İşsizlik sigortasının mali etkilerinin izlenmesi ve işçilerin korunması ile çalışmamaya teşvik etme arasında bir denge kurulması için başka adımların gerekli olacağı belirtilen raporda, işsizlik sigortasının uzun vadedeki mali sonuçlarının belirsiz olduğu ve sistemin dikkatle izlenmesinin gerekeceği vurgulandı.

Altyapı reformunun, Türkiye'nin gelecekteki büyümesi ve mali istikrarının temel taşlarından biri olduğu anlatılan raporda, elektrik sektörü reformlarının hızlandırılması istendi.

"Telekom reformları iyi bir şekilde ilerlemektedir, ancak gerçek sorunlar ileride ortaya çıkacaktır" görüşüne yer verilen raporda, mevcut tarımsal destekleme politikalarının büyümeyi engellediği kaydedildi.

Çiftçilerin, yeni ortama uyum sağlamalarına yardımcı olmak için uzun vadeli reformlara ihtiyaç duyulacağı bildirilen raporda, sağlam bir bankacılık sektörünün istikrar ve büyümeyi desteleyeceği de vurgulandı.
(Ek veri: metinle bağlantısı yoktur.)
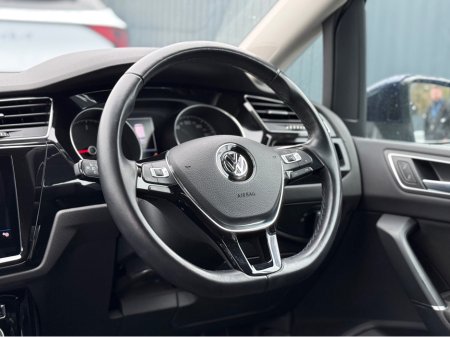 2018 Volkswagen Touran HIGHLINE - 2.0L DIESEL - 7 SEATS - AUTO - 12M WARRANTY - CAR: 1621 thumbnail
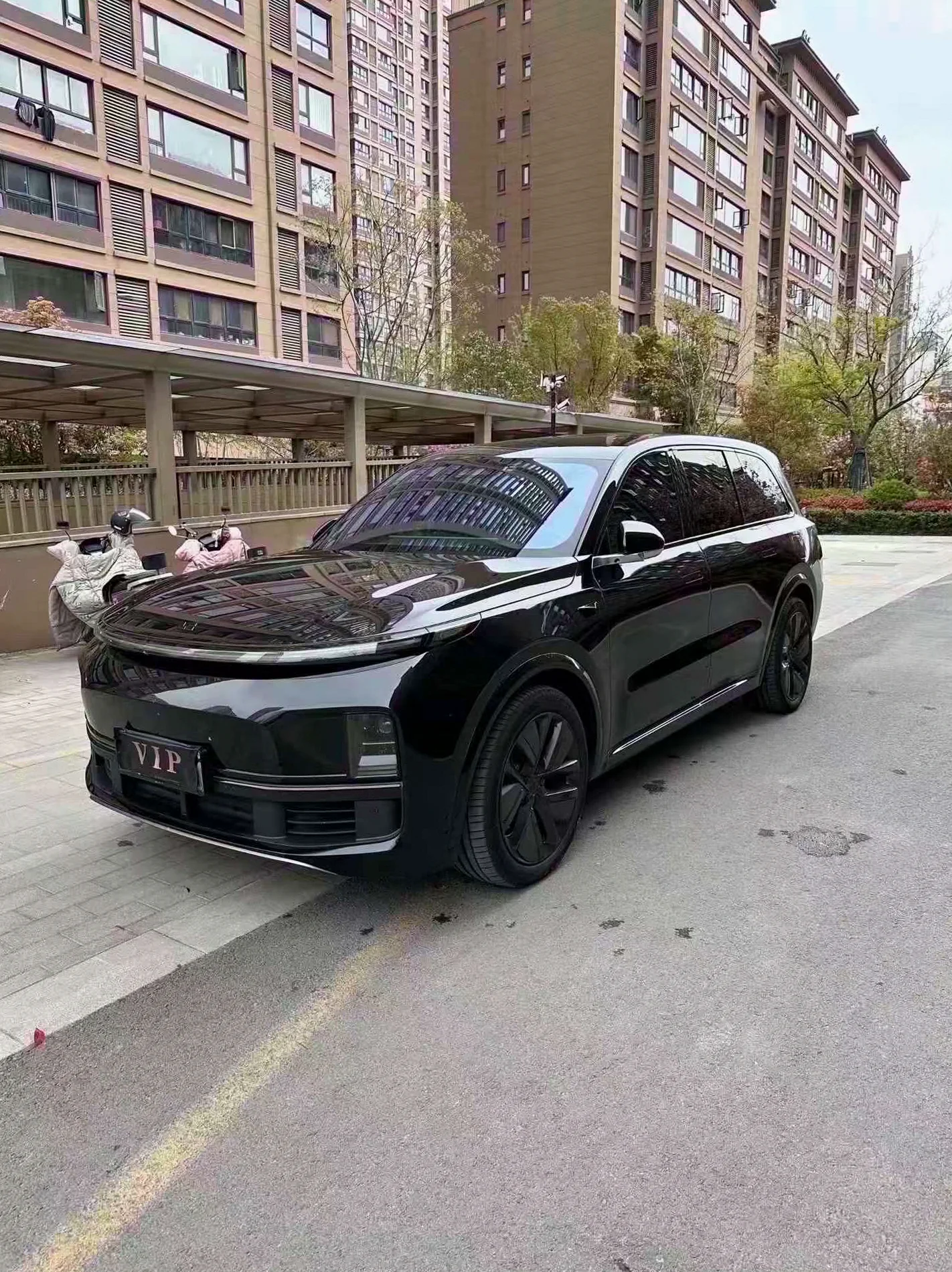 理想L9 正面外观三
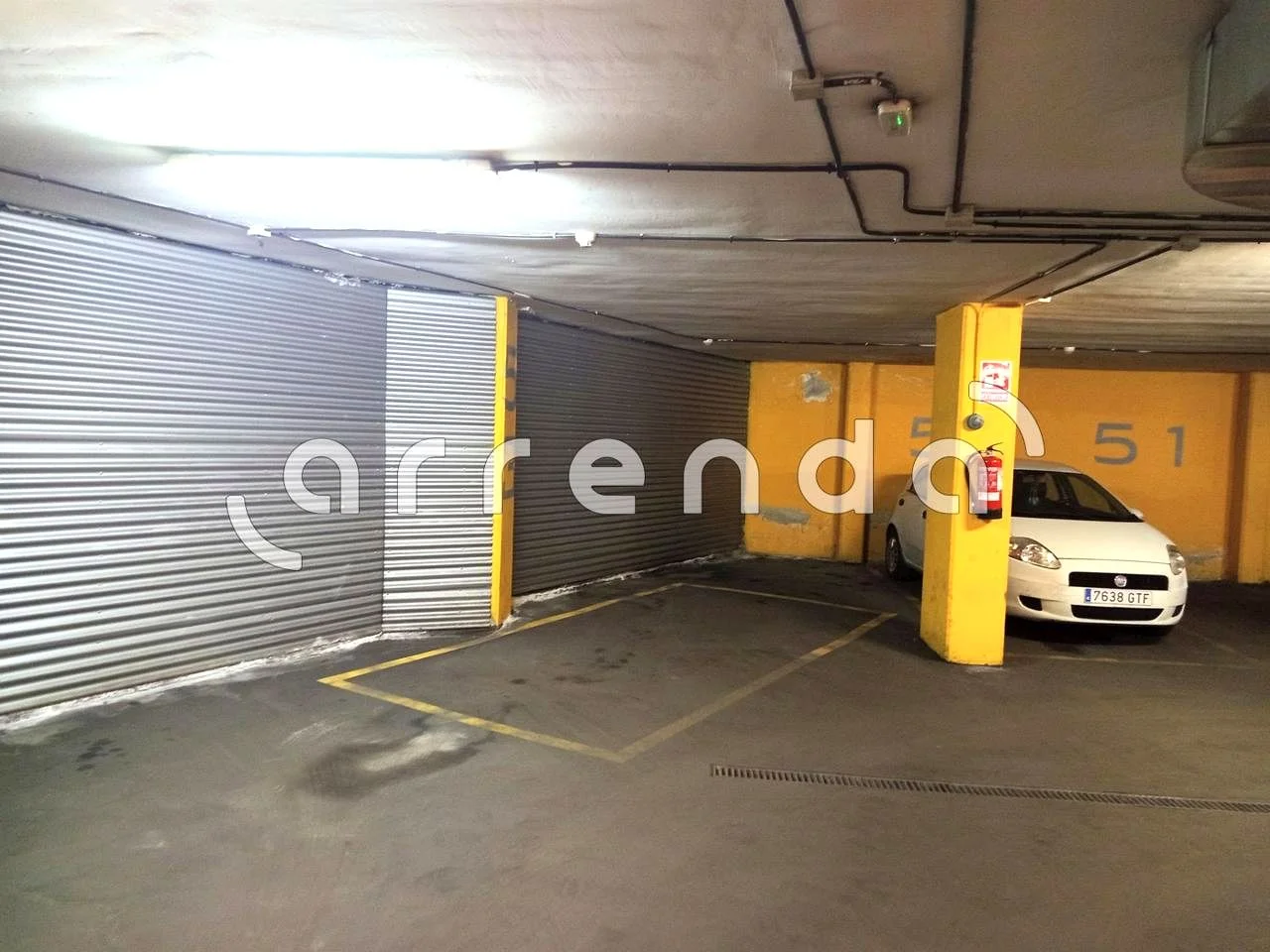 Amplia plaza de garaje en Madrid, 27 m²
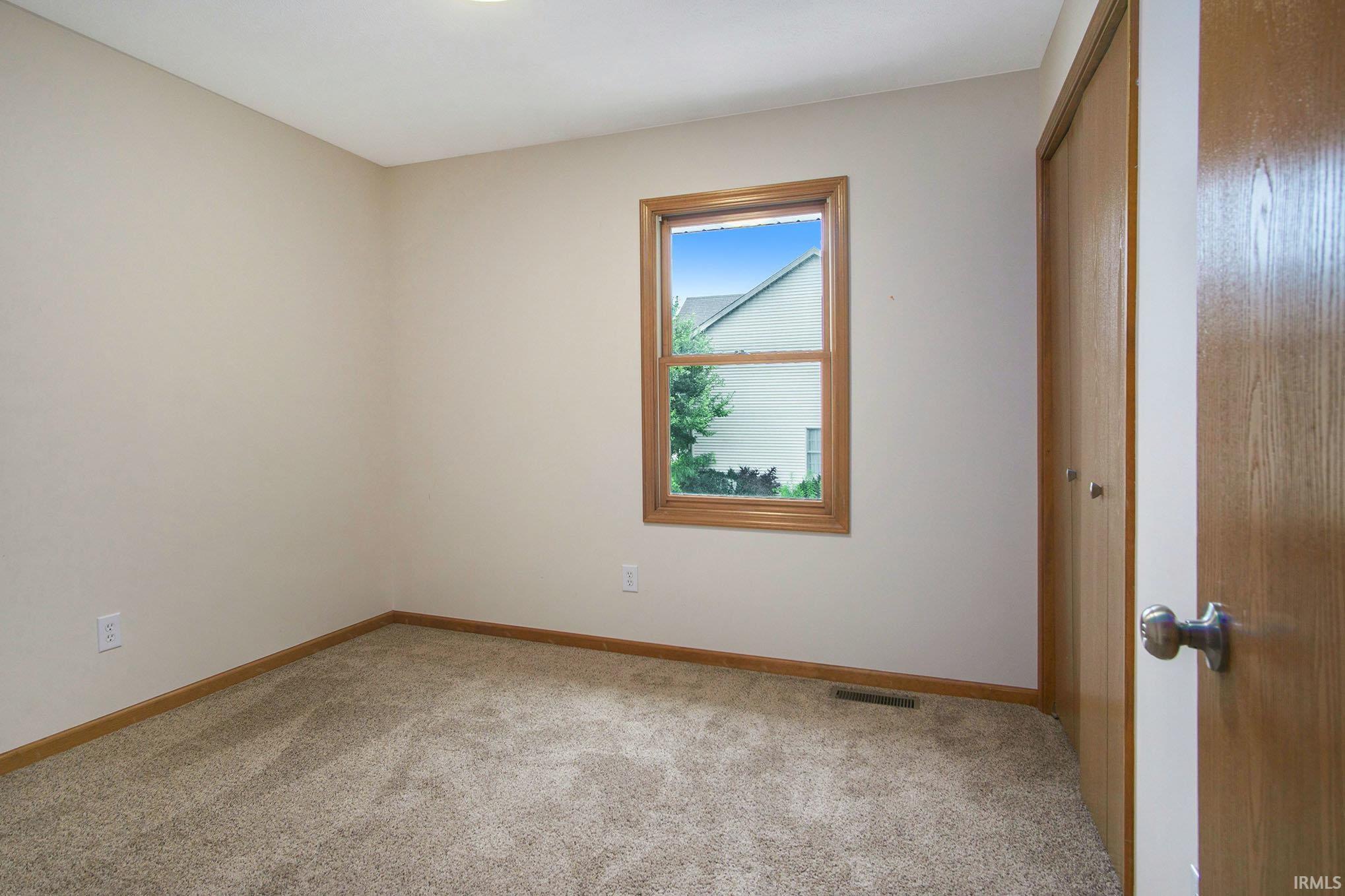 18082 Courtland
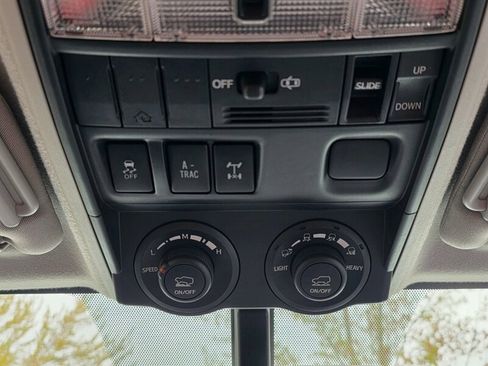 Used 2011 Toyota 4Runner Trail AWD/4WD image 24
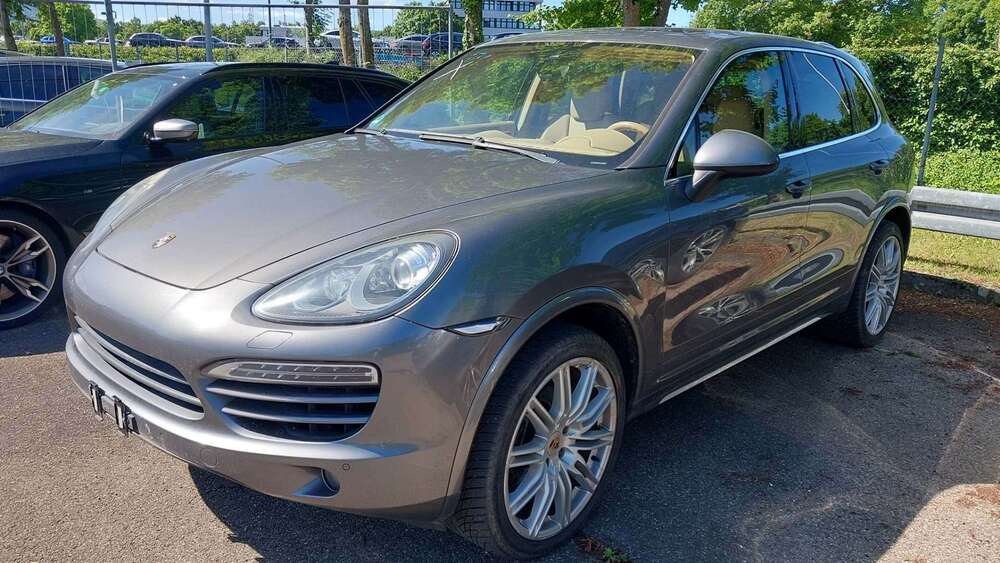Porsche Cayenne 229.000 km 17.599 &euro; Hamburg 20539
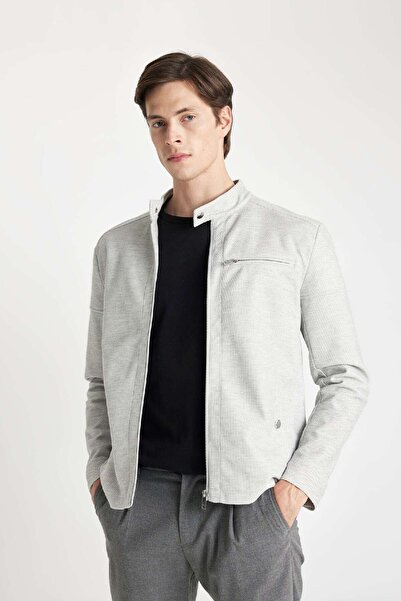 DeFacto Schwarzer Slim-Fit-Herrenmantel mit Reißverschluss und Taschen, leich...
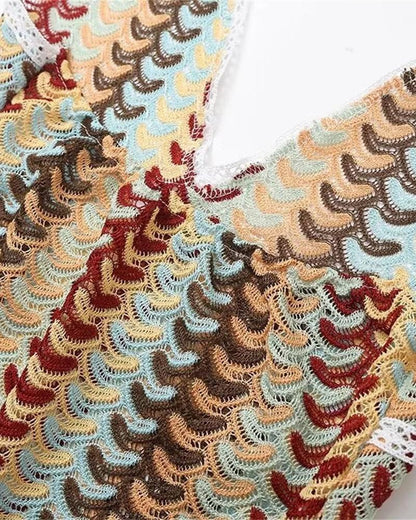 Andie - Chic V-Neck Dress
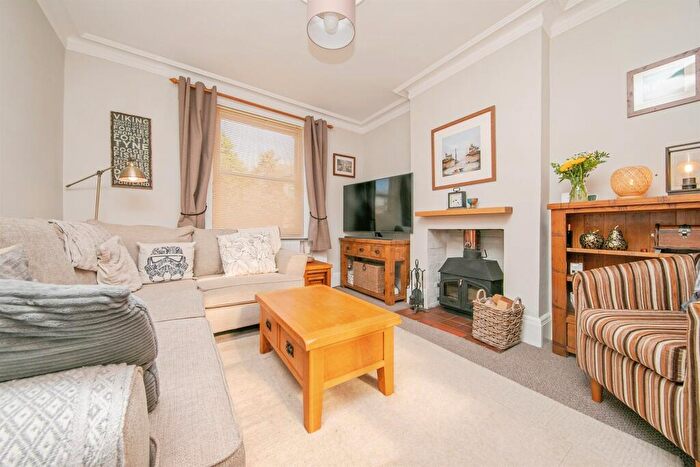 3 Bedroom Detached House For Sale In Wherstead Road, Ipswich, IP2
Bankalar direnç gösterebilirler

Türkiye'de mali sektörün güçlendirilmesine yönelik önemli çalışmaların devam ettiği anlatılan raporda, oluşturulan Bankacılık Düzenleme ve Denetleme Kurulu'nun siyasi müdahalelerden uzak olmasının beklendiği bildirildi.

Bankacılık sektörü için yeni çerçevenin güçlendirilmesinin ardından gelecek aşamanın, bu yeni mevzuatın tam olarak uygulanması ve yeni standartlar yürürlüğe girdikçe bankaların bunlara uymasının izlenmesi olduğu kaydedilen raporda, şu görüşlere yer verildi:

"Yeni ve daha sıkı düzenlemelerle birlikte enflasyonun düşürülmesine yönelik süreçten kaynaklanan yeni teşvik edici çerçeve, bankacılık sektörü üzerinde değişim için önemli bir baskı yaratacak ve muhtemelen önemli birleşmeler ve bölünmelere yol açacaktır. Bunun sonucunda daha güçlü, rekabete açık esnek bir bankacılık sektörü ortaya çıkaracaktır. Ancak geçiş döneminde ilgili makamların etkin denetimi gerekli olacaktır. Bu süreç içinde bankalar bir ölçüde direnç gösterebilirler. İlgili makamların, yeni ortama geçişin mümkün olduğu ölçüde pürüzsüz gerçekleşmesini sağlamak için bankacılık sektörü liderleri ile yakın işbirliği içinde çalışmaları gerekecektir."

Raporda, devlet bankacılığı sektöründe reform yapılmasının, bir bütün olarak sistemin gücünün ve verimliliğinin artırılması açısından önem taşıdığı da dile getirildi.

İyi ve kötü senaryo

Orta ve uzun vadeli tahminlere de yer verilen raporda, orta vadeli projeksiyonların, Türkiye'nin enflasyonu düşürme ve büyüme hedeflerini gerçekleştirebilmesi için süreklilik arzeden bir mali uyum döneminin gerekli olduğunu gösterdiği vurgulandı.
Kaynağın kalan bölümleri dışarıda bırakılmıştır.